Wednesday, April 28, 2010

Robustly hot swapping binaries (with code)

Going down for swap
Coming up from swap!
This is generation 2 running 0.2 software (initial version 0.1)
Running state machine

  A while ago I remember reading an article by Nathan Wiegand on hot swapping binaries. This was a very eye-opening article for me – before reading it, hot swapping was one of those black arts I never really thought about, and certainly wouldn’t have thought was at all easy. I highly recommend you read it for yourself. Go ahead, I’ll wait.

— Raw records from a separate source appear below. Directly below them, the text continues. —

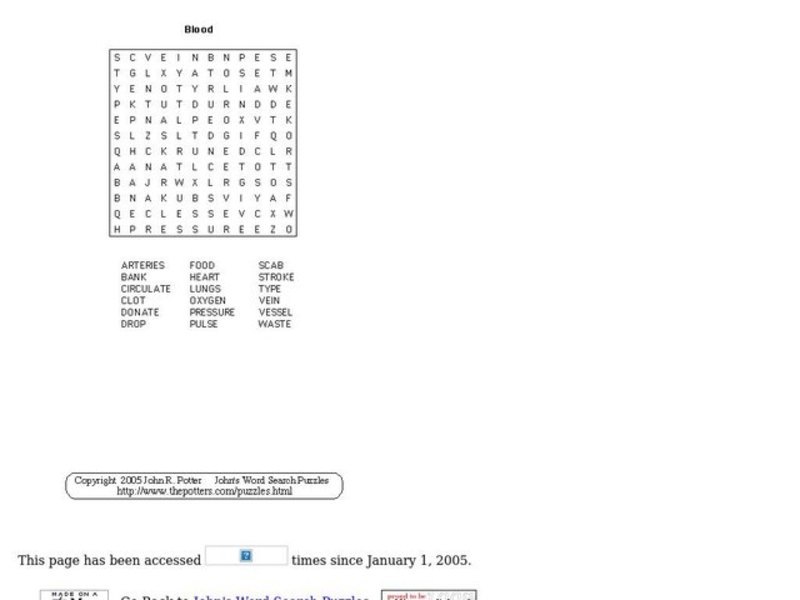 The wonderful world of blood worksheet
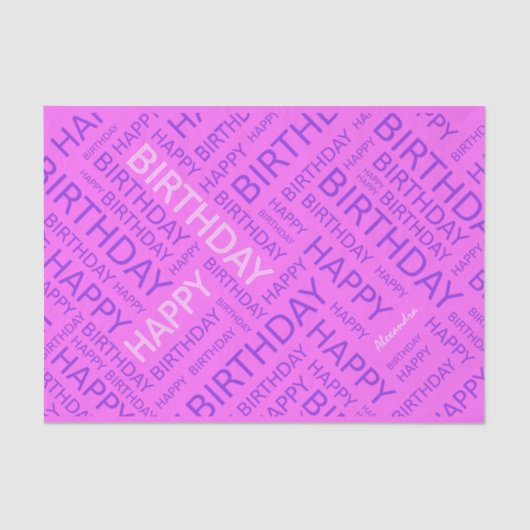 Birthday roze paarse typografisch gepersonaliseerd tissuepapier (Voorkant)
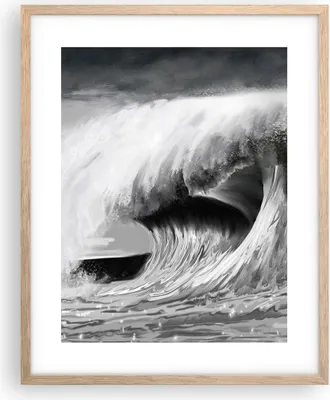 Produktbild von Gerahmtes Poster - Rahmen in heller Eiche - Welle Zeichnung Schwarzweiß - 40x50 cm - Wand Bild - Wanddeko - Wandbilder - Wandposter - Bilderrahmen - Bilder - Kunstdruck - Wandbild - P2NPA40x50-4264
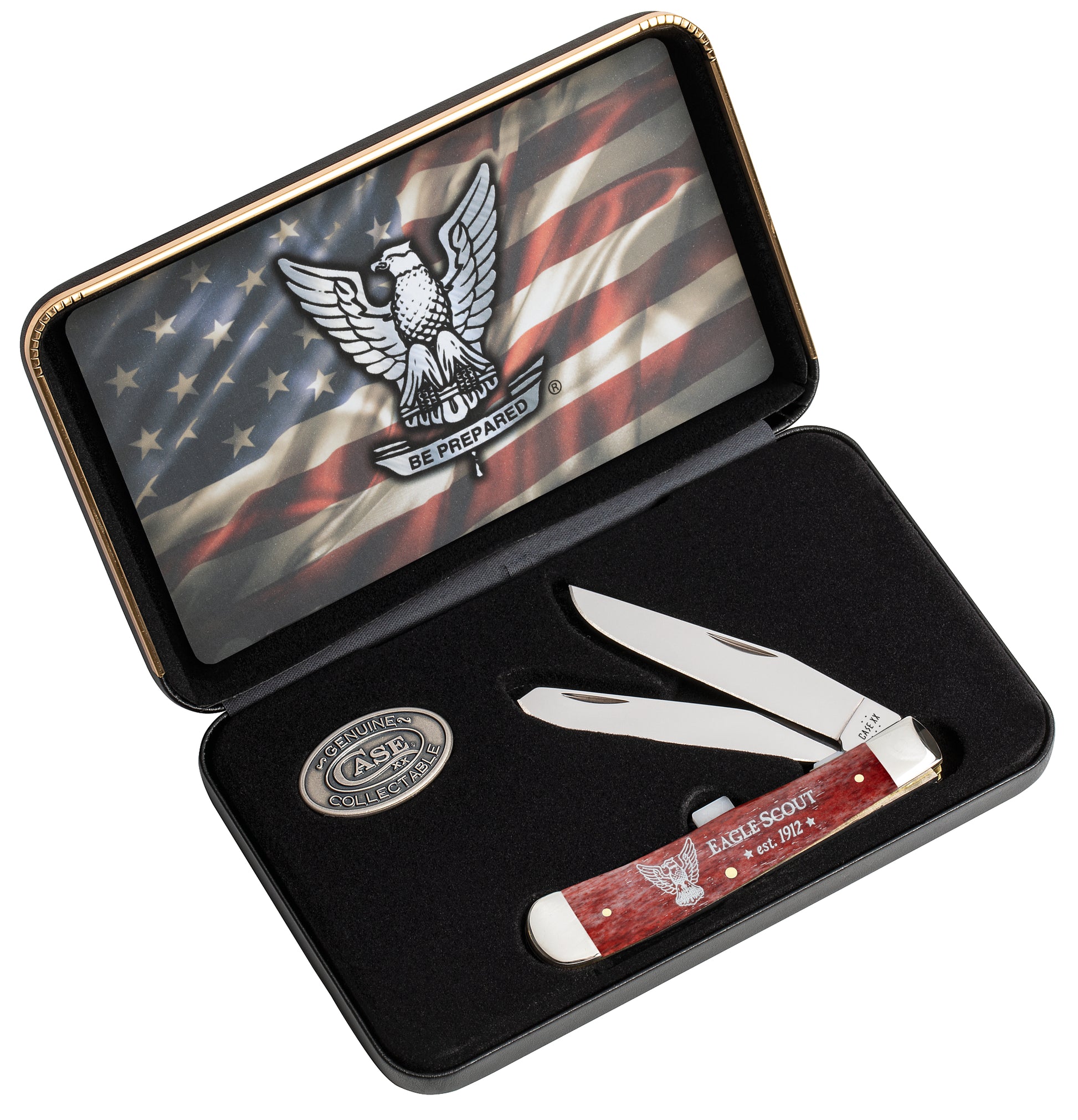 Scouting America Embellished Smooth Old Red Bone Trapper Gift Set in Packaging with Lid Open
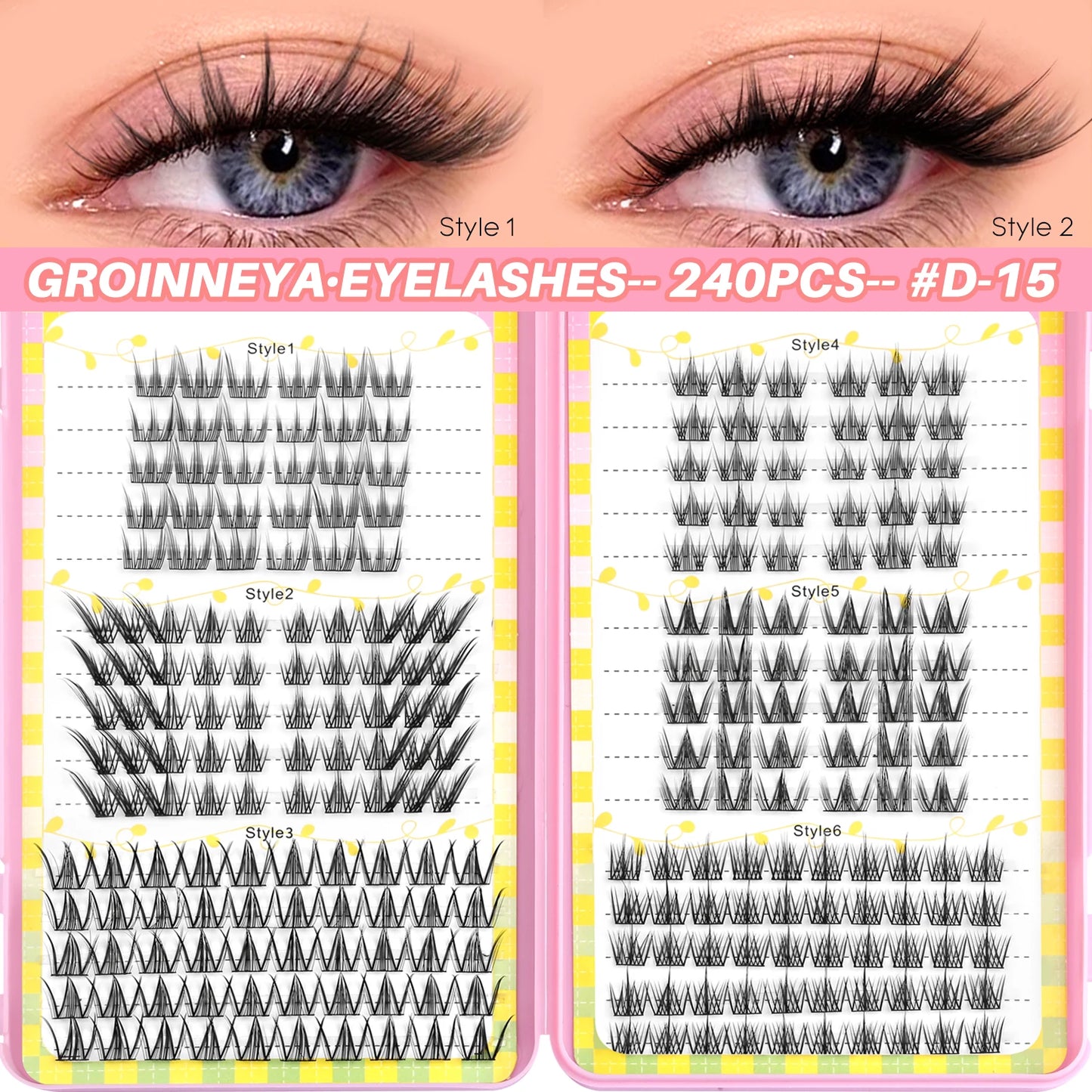 GROINNEYA Lash Clusters 30Rows DIY Natural Manga Eyelashes Mixed Tray Individual Lashes Natural Volume Eyelash Extension Makeup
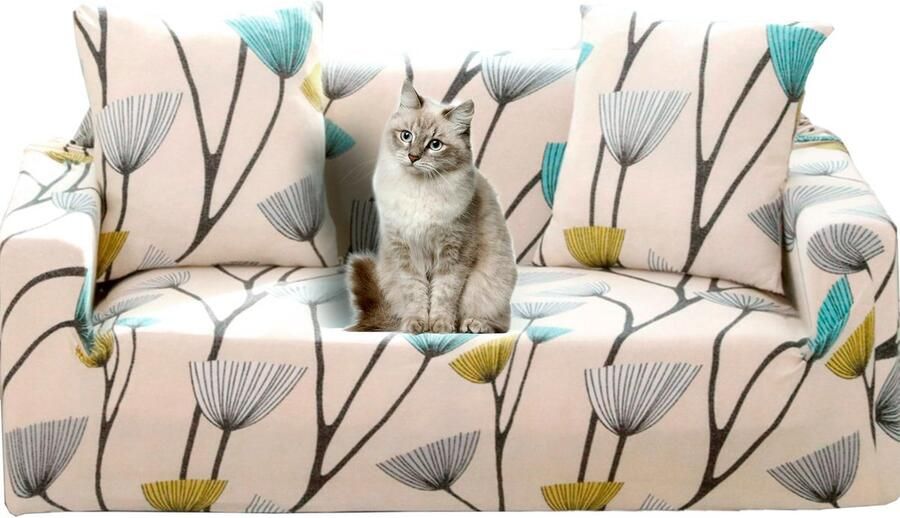 Ibenzoa Elastische en Zachte Bankhoes voor 1234-zitsbank met Bloemenpatroon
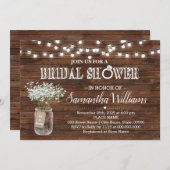 素朴ブライダルシャワーの田舎結婚の人 招待状 (正面/裏面)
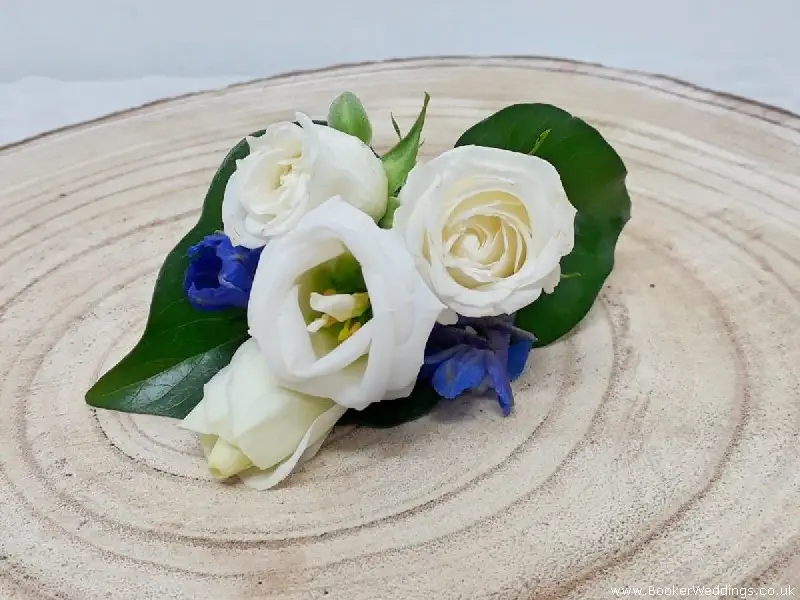 Buttonhole for Country Style Weddding Delphinium Spray Rose Lissianthus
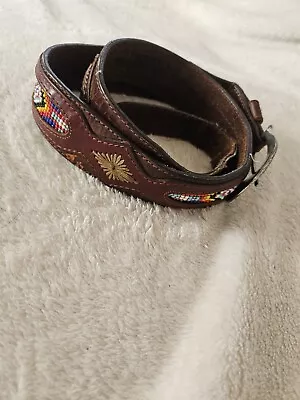 Vintage SOUTHWESTERN Buckle Belt BEADED Native American 35 Cowboy INDIAN Navajo • $45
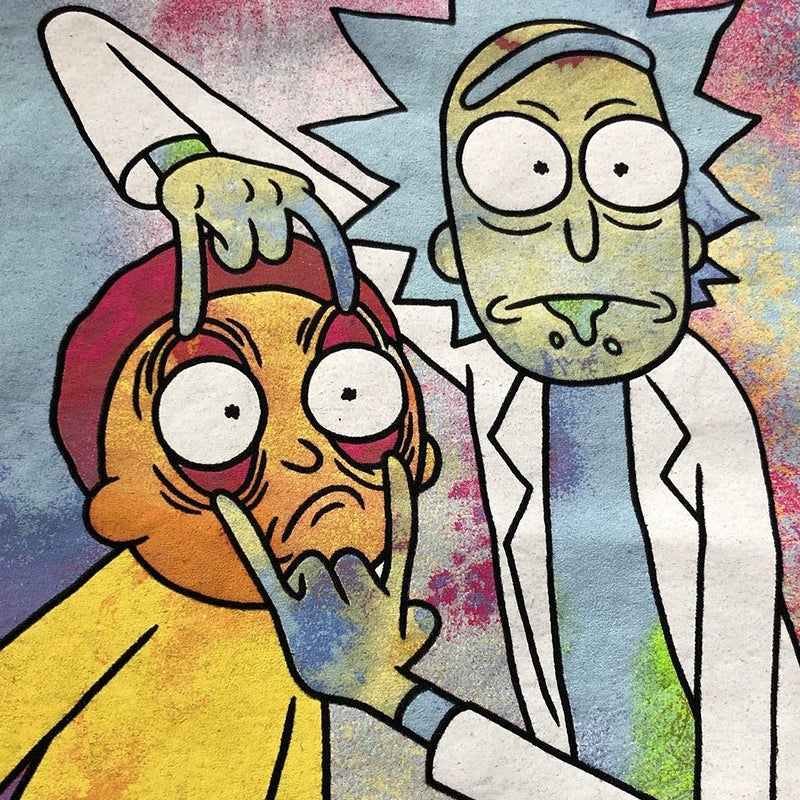 Rick and Morty Anime Street Trend Drop-Shoulder T-Shirts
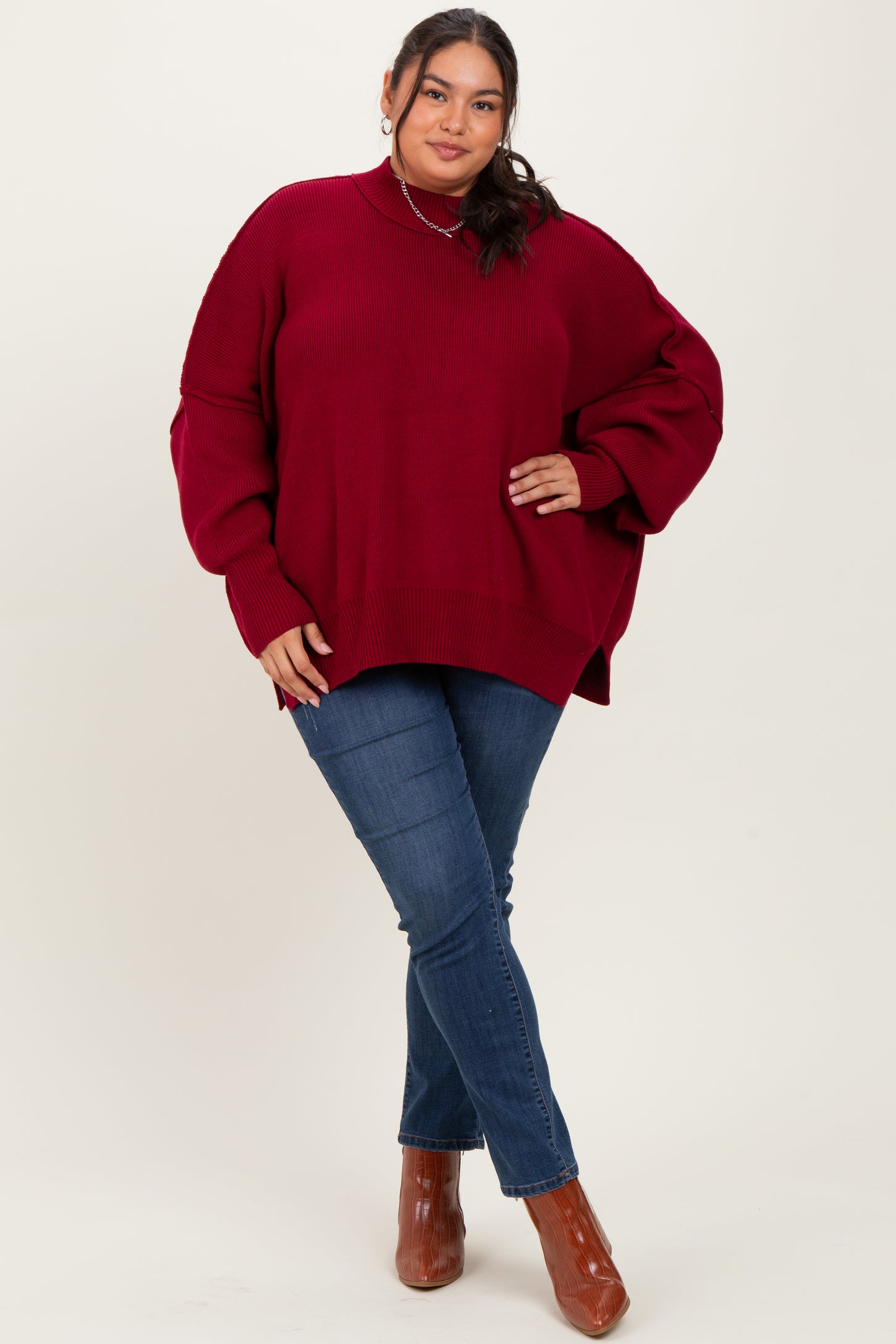 Burgundy Mock Neck Exposed Seam Sweater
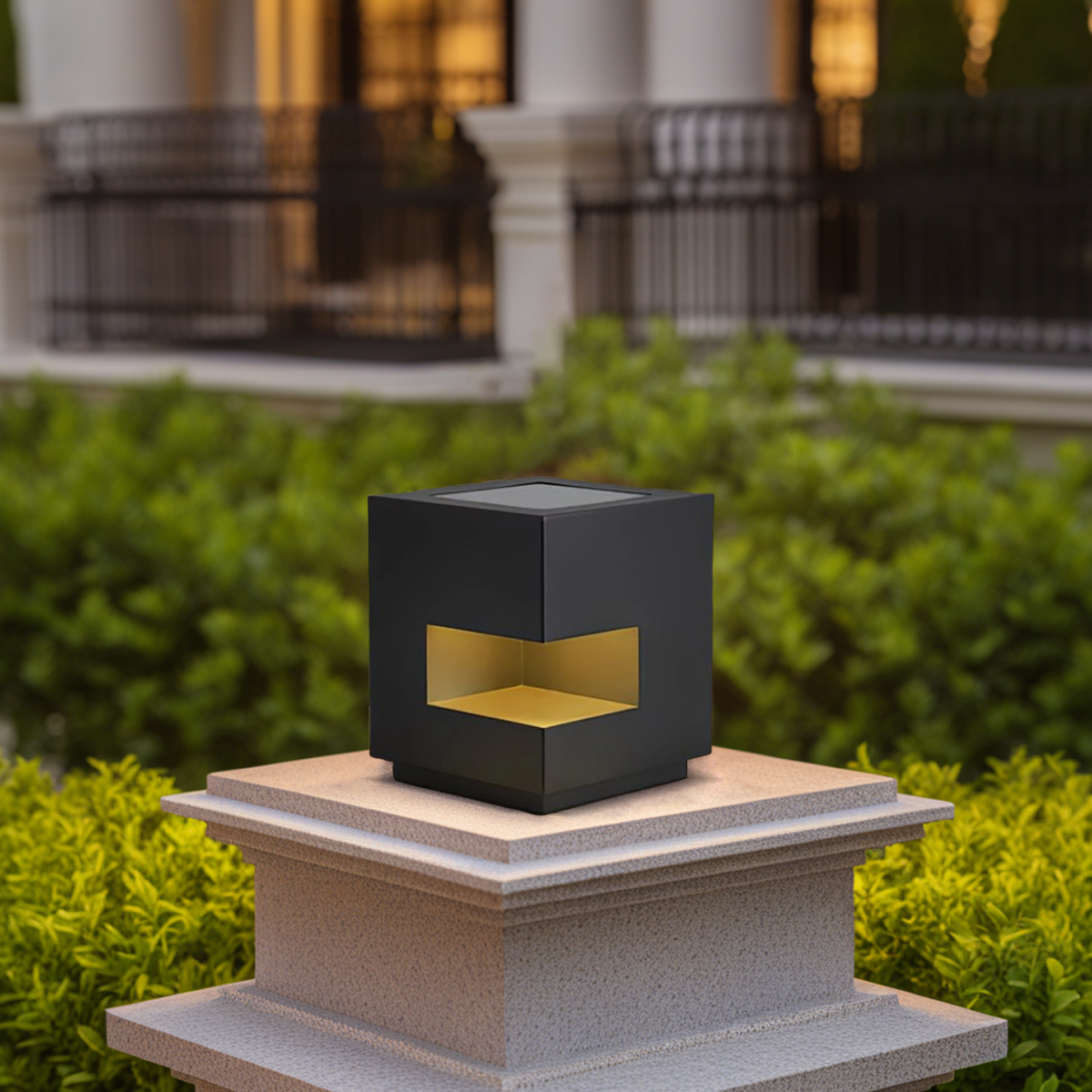 Modern Grey Solar Outdoor Pillar Light for Garden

There. Did you notice it? The elephant in the room? One thing the article doesn’t address is how to design programs to use this fancy new ability, without being fragile and crashing and all those bad things. I’ve been mulling this over since reading it, and have settled on a basic design that I’ll present here. But don’t worry, this isn’t just a thought design…I’ve actually coded it up and made sure it works as expected. Feel free to jump down and check it out before reading the design. Still, caveat emptor and all that.

Design Goals

For this design, I am focusing on three key goals:

  • Allow updating to any future version
  • Allow updating to any previous version
  • Make it easy to be crash-free

Simple enough? Updating forward is a pretty obvious goal, as is crash-free code. I want to allow updating backwards as well for the simple expedient that I don’t expect all new code to be bug free, and so it might be desirable to roll back when a bug is introduced.

Design

To achieve this, I’ve settled on a shortlist of constraints for the code:

  1. Use protocol buffers to store all state
  2. Provide suitable defaults for everything, and be robust against weird state
  3. Structure the code as a state machine

I did say the list was short. Let’s look at these in detail:

  1. Protocol buffers are an obvious choice for persisting state, as they are forward and backward compatible by design. Care must be taken to not re-use tag numbers and to never add ‘required’ fields, but this is an easy requirement to satisfy. Now, using protocol buffers to store everything does incur some overhead, but they are quite efficient by design and we really only need to store all state between state machine transitions so local variables are still quick.
  2. Hand in hand with 1), we cannot always expect to have the data we want in the format we want version to version. To accommodate this we must pick suitable defaults for fields, and if necessary be able to get new values at runtime. At the same time, if the meaning or format of a field is changing, it is probably better to use a new field. We will always try to handle weird data that may show up, but this shouldn’t be abused.
  3. Finally, structure the code as a state machine. This surfaces all state machine transitions as potential points for upgrading versions, and forces state to be in the protocol buffer when these transitions are crossed to ensure important data isn’t forgotten. And like everything else, the next state data can be stored in the protocol buffer.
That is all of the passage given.